What your clinical colleagues have said is definitely true. I think maybe that’s where we’re going wrong with tissue engineering. We’re trying to recapitulate too much structure compared to a cheap alternative. By rethinking what the goal is, we should maybe, possibly in tissue engineering be implanting something that has a similar function, that helps healing but doesn’t completely recapitulate the biology. That could be the next phase in tissue engineering. Because trying to recreate a full intervertebral disc from scratch in the lab is always going to be really challenging. But do we need to? Can we create something that has an improved function over an artificial prosthesis?

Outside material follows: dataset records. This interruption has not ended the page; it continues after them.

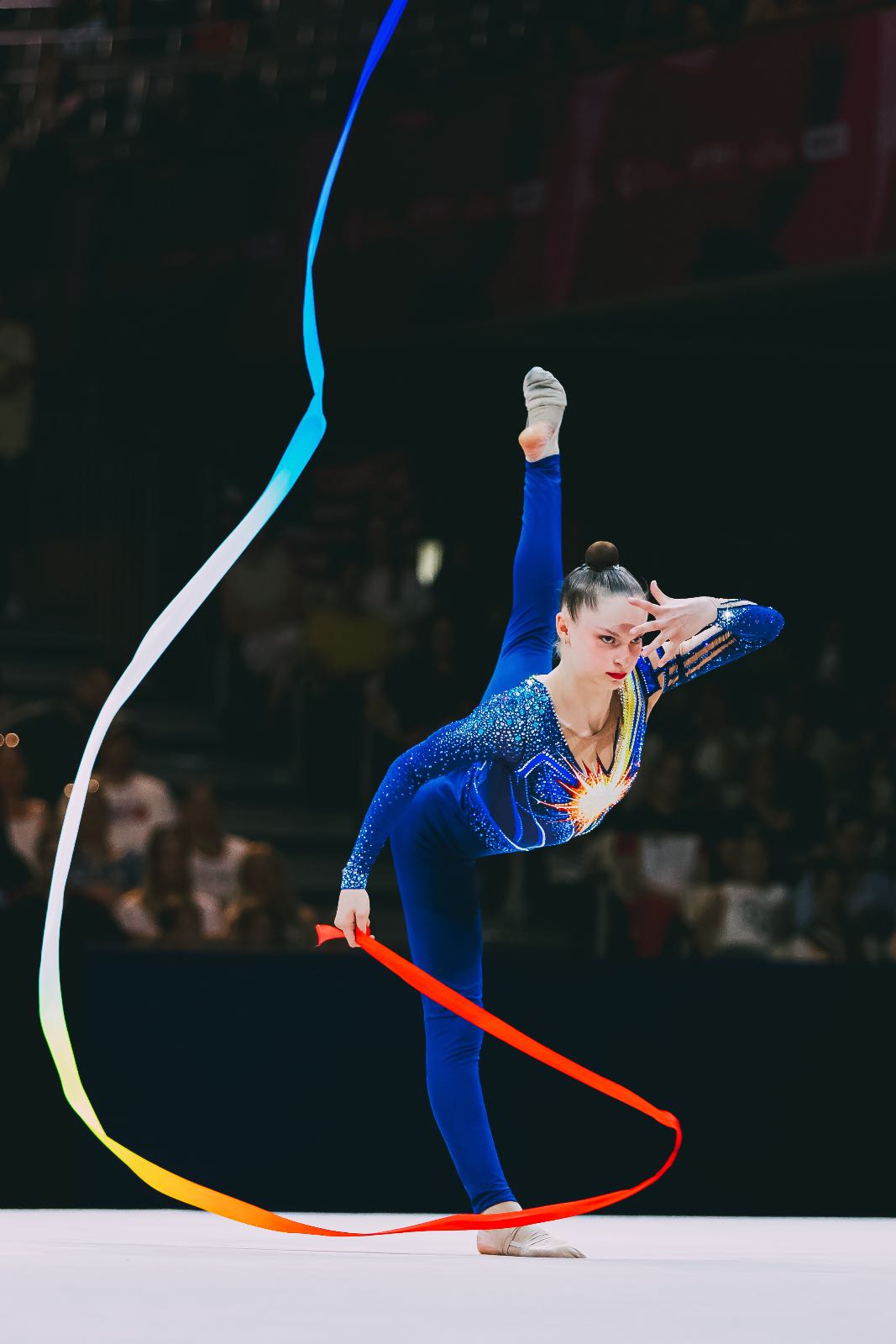 Meital Maayan Sumkin performs with ribbon at World Championships in Rhythmic Gymnastics 2026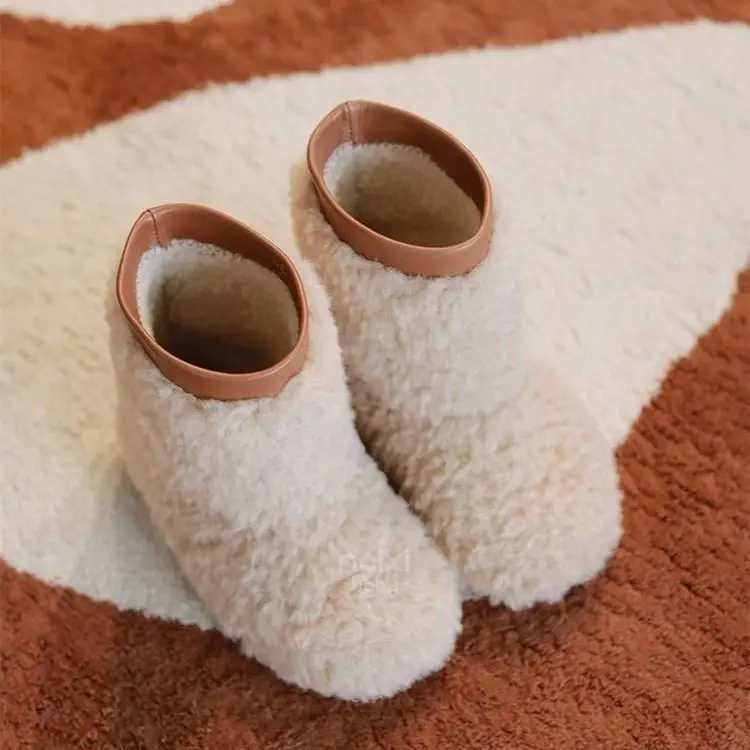 Kids Princess Boots Warm Soft Sole Girls Plush Shoes Korean Style 2025 Winter New Children Short Boots with Warm Fur VersatileW251121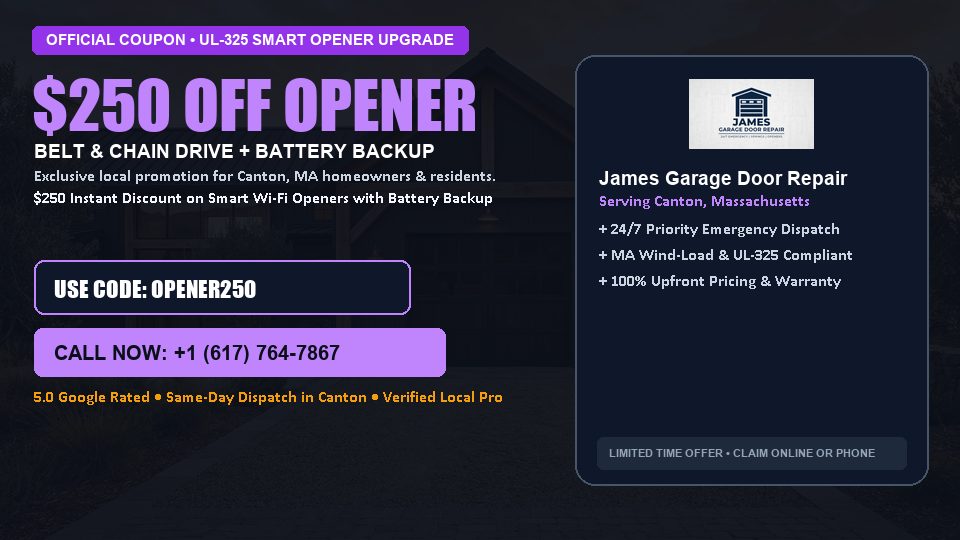 James Garage Door Repair $250 OFF Premium LiftMaster Opener Installation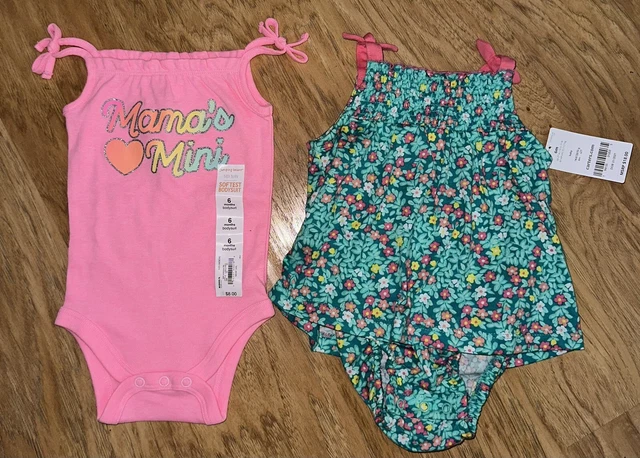 Carters + Baby Girl Outfits Lot of 2- Size 6 Mo Pink Bodysuit Floral Romper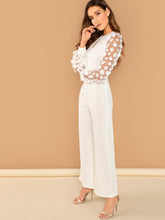 Load image into Gallery viewer, 3D Applique Sheer Sleeve Keyhole Front Jumpsuit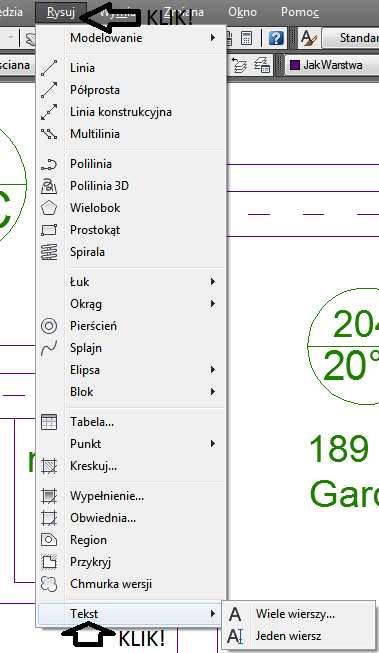 INSTRUKJA KOMPUTEROWA z Rysunku technicznego i geometrii wykreślnej Pozostałe bloki wstawiamy w analogiczny sposób wybierając odpowiednie miejsca. Wstawiamy opisy pomieszczeń.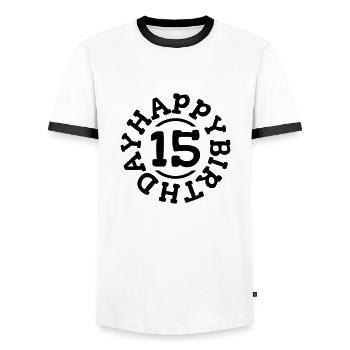 20th birthday number 20 years happy birthday - Men's Ringer Shirt - white/black - Front - AI Model Female 172 light (172cm) & AI Model Male 178 dark (178cm)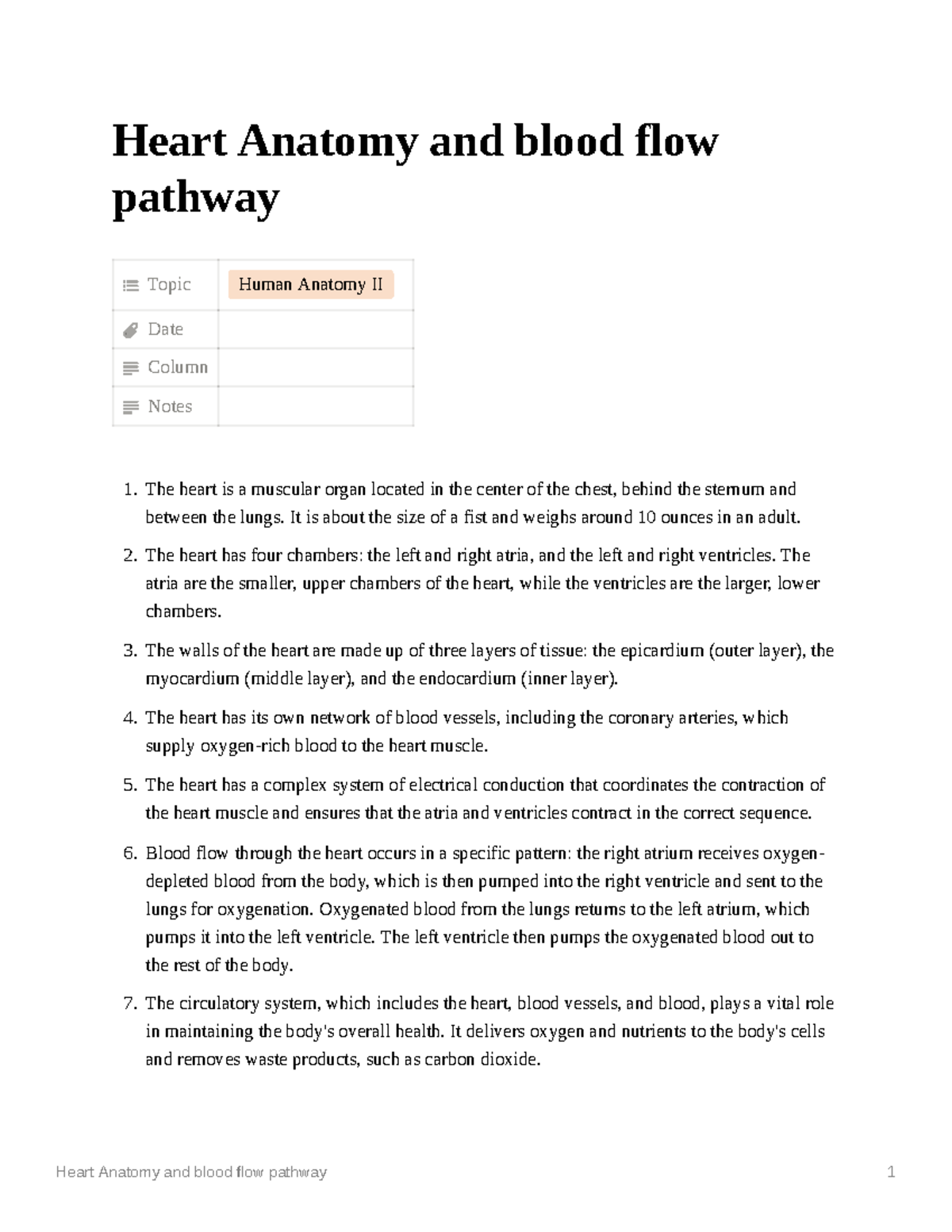 Heart Anatomy And Blood Flow Pathway Heart Anatomy And Blood Flow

What we’re trying to do, growing tissues outside the body, is fundamentally unconventional You’ve always got to be thinking—if conventional approaches haven’t been successful, why not try something that’s really unconventional?
In that spirit, what are you most excited about the work you’re currently doing?
The work I’m doing at the moment is trying to bring the technologies from cultivated meat back to tissue engineering. If we can solve scale up and economics, what can we produce in terms of tissue? The thing I’m most excited about at the moment is this project on antler biodesign, about how we can combine all the technologies that we know from cultivated meat and the manufacture of cells with everything that we know about tissue engineering to actually make structural quantities of bone. I find that really exciting because it throws a lot of the tissue engineering rulebook out the window. One of the things that’s held back bone tissue engineering has been porosity, as one example. You need a certain level of biomimetic porosity for it to be a useful bone implant for patients. Whereas you can say, “we don’t need that. We’re just going to make the pores as big as we need to get fluid through these [scaffolds].” By throwing out the rulebook and just doing slightly crazy things, I think we can learn a lot, and that’s certainly what really excites me about the work I’m doing at the moment.
The number of bone scaffolding porosity and pore size papers I’ve read in the last three years makes me never want to read another paper about them again. Truthfully, it feels like there’s so much information we’ve amassed and not a lot of actual outcomes into the hands of real people. And I don’t know what that disconnect is.
It’s almost like we’ve been trying to find the limits for the research—how we can limit ourselves. It’s such a large field of research. Focusing on what porosity size that we need helps define the experiments we need to do, but it also sets somewhat arbitrary boundaries on what you can achieve. Whereas the industry approach, particularly in cultivated meat, is to find the way around boundaries. There were three times in the first month when I was at [Vow], I said: “Don’t be ridiculous. That’s impossible.” And I was proved wrong. Three things that tissue engineering had told me for twenty years were impossible had been proved wrong in the first three months. That level of not being constrained and trying to innovate around a problem rather than seeing it as a hard edge, I think that’s what we need to do to be able to be really innovative in this tissue engineering space.